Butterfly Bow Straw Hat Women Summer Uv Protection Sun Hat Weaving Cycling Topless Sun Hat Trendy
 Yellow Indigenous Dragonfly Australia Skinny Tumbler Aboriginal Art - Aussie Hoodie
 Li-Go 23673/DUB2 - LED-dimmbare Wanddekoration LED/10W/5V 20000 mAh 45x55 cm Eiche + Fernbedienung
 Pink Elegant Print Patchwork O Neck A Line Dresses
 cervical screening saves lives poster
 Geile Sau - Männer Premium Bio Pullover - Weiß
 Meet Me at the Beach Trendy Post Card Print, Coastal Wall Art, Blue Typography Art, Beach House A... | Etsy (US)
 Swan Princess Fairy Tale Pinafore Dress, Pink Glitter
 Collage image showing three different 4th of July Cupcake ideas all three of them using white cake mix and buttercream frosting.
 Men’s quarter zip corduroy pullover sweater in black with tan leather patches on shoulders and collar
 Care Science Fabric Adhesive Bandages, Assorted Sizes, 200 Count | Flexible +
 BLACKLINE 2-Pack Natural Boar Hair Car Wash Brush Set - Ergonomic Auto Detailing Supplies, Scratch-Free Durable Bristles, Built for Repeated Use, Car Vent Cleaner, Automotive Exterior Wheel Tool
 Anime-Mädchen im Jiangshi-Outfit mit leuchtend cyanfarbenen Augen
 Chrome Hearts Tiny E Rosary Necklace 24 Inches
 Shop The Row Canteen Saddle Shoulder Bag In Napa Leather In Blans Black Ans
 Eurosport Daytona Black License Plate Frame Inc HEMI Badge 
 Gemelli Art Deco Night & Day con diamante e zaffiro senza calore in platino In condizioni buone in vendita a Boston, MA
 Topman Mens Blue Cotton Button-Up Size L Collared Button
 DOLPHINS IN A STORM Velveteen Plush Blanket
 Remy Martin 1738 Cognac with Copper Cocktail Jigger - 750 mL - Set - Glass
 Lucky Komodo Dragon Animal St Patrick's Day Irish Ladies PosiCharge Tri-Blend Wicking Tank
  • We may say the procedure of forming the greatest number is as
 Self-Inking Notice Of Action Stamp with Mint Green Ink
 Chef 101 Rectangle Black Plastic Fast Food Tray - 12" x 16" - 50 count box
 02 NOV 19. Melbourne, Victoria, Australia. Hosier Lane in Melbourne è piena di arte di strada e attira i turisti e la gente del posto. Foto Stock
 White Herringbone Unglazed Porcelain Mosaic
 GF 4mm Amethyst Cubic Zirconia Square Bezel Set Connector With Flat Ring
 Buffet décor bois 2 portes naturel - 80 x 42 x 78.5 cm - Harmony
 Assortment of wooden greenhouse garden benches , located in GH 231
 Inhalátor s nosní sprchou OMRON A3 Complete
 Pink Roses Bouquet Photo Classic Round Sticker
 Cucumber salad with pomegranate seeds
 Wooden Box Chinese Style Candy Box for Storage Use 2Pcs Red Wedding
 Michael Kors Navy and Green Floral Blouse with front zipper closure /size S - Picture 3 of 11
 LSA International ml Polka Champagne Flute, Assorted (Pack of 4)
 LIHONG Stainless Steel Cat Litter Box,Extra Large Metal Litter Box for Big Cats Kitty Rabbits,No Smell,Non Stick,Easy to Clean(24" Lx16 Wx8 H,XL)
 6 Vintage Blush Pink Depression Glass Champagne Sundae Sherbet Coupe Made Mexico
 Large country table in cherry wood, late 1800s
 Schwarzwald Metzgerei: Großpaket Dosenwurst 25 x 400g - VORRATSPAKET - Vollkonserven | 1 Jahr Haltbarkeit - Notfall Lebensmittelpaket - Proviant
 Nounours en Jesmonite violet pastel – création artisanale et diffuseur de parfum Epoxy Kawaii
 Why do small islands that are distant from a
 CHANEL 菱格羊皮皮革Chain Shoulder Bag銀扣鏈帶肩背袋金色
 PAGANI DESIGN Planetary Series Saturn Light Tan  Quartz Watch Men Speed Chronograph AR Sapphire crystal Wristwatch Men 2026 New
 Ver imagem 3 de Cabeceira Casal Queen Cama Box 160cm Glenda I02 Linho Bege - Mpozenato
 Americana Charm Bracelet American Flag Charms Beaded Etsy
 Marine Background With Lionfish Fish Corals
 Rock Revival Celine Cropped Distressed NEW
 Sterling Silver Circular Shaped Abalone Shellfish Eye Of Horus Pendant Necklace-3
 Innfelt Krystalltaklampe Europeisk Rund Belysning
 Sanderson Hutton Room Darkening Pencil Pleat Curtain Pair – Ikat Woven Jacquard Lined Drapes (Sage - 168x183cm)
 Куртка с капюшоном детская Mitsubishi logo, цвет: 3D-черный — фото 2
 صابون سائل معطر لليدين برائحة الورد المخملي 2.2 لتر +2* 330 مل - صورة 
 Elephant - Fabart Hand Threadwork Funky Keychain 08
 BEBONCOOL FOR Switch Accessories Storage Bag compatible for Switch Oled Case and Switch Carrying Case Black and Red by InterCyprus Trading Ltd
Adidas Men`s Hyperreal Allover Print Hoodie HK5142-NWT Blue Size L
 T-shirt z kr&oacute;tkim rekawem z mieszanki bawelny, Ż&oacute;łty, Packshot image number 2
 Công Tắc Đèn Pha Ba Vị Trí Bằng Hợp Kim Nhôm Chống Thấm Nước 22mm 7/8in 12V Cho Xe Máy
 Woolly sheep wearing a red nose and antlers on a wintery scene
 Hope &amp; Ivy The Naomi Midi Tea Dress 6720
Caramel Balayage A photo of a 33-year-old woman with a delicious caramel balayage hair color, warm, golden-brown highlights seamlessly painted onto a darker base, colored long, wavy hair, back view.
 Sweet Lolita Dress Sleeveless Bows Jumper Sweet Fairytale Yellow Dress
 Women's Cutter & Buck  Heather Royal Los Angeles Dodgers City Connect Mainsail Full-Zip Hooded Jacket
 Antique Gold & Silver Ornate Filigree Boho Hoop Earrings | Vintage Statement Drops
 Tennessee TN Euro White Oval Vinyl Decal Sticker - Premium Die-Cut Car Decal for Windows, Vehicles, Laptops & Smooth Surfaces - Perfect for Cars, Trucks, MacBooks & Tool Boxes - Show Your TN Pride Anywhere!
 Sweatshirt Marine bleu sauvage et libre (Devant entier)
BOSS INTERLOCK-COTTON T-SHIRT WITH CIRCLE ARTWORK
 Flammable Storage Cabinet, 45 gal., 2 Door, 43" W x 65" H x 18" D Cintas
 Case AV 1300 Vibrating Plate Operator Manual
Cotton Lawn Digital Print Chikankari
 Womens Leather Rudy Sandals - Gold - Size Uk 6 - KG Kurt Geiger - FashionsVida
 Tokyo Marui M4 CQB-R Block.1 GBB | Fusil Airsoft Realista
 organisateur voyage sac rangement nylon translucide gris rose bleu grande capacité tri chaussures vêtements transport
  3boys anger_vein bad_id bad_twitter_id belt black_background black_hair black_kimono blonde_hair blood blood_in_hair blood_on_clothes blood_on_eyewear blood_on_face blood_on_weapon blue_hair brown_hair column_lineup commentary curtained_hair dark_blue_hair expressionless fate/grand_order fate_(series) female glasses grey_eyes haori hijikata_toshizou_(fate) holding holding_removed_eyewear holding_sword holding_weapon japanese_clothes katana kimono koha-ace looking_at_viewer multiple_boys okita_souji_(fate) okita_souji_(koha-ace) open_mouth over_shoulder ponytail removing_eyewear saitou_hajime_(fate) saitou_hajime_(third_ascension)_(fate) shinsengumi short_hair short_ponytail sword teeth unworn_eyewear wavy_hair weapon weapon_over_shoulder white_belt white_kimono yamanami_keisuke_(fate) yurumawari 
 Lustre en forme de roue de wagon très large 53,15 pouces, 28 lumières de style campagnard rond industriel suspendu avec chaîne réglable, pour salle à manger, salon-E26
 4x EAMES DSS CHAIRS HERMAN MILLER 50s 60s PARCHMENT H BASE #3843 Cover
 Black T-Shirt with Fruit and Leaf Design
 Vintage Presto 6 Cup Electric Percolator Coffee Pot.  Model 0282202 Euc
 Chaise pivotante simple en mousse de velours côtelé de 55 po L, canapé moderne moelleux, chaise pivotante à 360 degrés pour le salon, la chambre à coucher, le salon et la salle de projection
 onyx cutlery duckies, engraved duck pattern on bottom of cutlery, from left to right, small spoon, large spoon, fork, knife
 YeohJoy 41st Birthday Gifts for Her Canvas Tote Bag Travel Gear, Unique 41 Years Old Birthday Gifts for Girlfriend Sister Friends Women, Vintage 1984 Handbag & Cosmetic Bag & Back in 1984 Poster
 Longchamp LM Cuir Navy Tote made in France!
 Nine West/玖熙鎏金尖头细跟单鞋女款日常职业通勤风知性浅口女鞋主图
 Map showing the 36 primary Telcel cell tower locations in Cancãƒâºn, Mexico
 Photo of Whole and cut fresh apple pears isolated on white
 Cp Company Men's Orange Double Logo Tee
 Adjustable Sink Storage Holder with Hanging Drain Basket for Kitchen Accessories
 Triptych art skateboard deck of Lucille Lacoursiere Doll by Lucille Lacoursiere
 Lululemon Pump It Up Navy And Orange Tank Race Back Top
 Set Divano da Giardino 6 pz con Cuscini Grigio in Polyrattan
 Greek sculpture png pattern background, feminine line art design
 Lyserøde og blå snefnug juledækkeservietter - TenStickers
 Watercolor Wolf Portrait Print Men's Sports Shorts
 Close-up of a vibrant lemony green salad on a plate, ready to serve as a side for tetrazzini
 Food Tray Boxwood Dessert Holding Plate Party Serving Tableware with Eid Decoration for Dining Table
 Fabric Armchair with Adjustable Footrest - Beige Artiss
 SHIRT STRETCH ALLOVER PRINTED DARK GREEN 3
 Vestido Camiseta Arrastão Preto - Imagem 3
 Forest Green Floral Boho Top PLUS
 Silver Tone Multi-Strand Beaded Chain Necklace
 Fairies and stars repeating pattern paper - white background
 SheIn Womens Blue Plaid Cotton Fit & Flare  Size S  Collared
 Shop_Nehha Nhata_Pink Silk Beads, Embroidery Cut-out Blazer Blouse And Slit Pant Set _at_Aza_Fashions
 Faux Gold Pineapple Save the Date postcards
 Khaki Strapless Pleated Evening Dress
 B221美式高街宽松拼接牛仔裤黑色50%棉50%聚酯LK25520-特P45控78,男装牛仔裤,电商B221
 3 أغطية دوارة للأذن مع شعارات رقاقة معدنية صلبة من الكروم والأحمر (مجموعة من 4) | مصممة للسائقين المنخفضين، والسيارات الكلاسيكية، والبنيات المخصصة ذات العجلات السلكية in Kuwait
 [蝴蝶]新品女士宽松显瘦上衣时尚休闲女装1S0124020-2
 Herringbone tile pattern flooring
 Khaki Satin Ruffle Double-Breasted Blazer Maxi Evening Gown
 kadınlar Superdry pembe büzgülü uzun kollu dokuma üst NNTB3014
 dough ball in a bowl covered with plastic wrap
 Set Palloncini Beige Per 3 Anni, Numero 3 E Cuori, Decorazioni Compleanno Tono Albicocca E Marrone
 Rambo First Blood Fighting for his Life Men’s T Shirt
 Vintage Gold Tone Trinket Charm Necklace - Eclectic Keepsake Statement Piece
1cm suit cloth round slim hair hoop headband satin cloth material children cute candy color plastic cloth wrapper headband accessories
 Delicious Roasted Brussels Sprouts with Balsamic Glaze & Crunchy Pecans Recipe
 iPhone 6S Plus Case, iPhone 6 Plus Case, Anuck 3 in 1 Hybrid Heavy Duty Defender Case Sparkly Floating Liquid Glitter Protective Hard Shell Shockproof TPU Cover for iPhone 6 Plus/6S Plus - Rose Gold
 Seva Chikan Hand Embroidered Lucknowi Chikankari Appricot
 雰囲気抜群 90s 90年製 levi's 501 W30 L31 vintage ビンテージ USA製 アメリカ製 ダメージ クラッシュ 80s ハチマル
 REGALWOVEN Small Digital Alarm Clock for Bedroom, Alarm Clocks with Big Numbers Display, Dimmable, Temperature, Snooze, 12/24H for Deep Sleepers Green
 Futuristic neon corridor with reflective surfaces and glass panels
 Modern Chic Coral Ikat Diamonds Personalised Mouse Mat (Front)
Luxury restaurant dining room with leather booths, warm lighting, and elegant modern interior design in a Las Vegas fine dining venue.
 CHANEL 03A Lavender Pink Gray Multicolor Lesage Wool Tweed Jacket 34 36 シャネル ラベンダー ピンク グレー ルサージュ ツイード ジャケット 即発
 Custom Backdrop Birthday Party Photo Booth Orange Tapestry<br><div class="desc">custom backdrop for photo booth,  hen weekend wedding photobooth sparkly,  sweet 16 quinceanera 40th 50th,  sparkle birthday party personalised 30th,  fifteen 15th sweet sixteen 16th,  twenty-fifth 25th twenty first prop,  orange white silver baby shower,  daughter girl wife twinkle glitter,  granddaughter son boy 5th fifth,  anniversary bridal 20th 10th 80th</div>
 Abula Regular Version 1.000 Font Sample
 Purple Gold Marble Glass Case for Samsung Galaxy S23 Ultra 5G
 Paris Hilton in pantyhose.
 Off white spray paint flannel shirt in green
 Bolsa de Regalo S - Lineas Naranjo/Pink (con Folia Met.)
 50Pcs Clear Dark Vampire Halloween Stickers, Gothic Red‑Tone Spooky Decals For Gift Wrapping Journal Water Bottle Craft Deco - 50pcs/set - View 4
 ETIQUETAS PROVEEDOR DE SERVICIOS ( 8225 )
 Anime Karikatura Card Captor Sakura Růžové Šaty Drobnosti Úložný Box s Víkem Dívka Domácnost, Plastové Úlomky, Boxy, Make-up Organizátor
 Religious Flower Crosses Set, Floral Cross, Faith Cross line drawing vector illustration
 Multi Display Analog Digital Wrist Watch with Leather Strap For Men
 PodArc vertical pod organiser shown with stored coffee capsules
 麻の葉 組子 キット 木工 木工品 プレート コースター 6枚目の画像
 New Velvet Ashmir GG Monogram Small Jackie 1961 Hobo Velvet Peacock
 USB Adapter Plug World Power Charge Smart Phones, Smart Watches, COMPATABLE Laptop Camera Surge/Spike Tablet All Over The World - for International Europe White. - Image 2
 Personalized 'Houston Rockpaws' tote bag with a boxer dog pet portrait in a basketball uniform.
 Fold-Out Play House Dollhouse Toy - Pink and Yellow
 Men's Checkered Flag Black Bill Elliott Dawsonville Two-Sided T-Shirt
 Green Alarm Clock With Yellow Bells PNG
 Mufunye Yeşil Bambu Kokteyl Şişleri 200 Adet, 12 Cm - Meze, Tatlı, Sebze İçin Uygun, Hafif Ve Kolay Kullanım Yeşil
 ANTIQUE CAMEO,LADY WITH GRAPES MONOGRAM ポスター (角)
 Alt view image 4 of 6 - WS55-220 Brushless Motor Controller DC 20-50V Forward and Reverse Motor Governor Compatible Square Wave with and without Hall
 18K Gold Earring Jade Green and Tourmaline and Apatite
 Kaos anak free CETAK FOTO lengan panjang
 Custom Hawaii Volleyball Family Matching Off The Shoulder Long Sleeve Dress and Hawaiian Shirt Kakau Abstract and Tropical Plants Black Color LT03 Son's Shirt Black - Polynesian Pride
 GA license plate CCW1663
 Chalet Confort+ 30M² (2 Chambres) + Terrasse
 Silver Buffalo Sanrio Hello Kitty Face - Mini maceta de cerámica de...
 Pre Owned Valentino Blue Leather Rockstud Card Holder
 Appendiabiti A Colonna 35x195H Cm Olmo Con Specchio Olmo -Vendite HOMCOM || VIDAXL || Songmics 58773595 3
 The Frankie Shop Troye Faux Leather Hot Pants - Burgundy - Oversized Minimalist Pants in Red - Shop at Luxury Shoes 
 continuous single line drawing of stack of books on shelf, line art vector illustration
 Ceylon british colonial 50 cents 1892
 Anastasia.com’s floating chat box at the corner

------------------------------

== What to produce ==
Send back an exact copy of only the lines from the line with "Men's Checkered Flag" up to and including the line with "Silver Buffalo Sanrio" in the data above.

== Problem solution ==
 Men's Checkered Flag Black Bill Elliott Dawsonville Two-Sided T-Shirt
 Green Alarm Clock With Yellow Bells PNG
 Mufunye Yeşil Bambu Kokteyl Şişleri 200 Adet, 12 Cm - Meze, Tatlı, Sebze İçin Uygun, Hafif Ve Kolay Kullanım Yeşil
 ANTIQUE CAMEO,LADY WITH GRAPES MONOGRAM ポスター (角)
 Alt view image 4 of 6 - WS55-220 Brushless Motor Controller DC 20-50V Forward and Reverse Motor Governor Compatible Square Wave with and without Hall
 18K Gold Earring Jade Green and Tourmaline and Apatite
 Kaos anak free CETAK FOTO lengan panjang
 Custom Hawaii Volleyball Family Matching Off The Shoulder Long Sleeve Dress and Hawaiian Shirt Kakau Abstract and Tropical Plants Black Color LT03 Son's Shirt Black - Polynesian Pride
 GA license plate CCW1663
 Chalet Confort+ 30M² (2 Chambres) + Terrasse
 Silver Buffalo Sanrio Hello Kitty Face - Mini maceta de cerámica de...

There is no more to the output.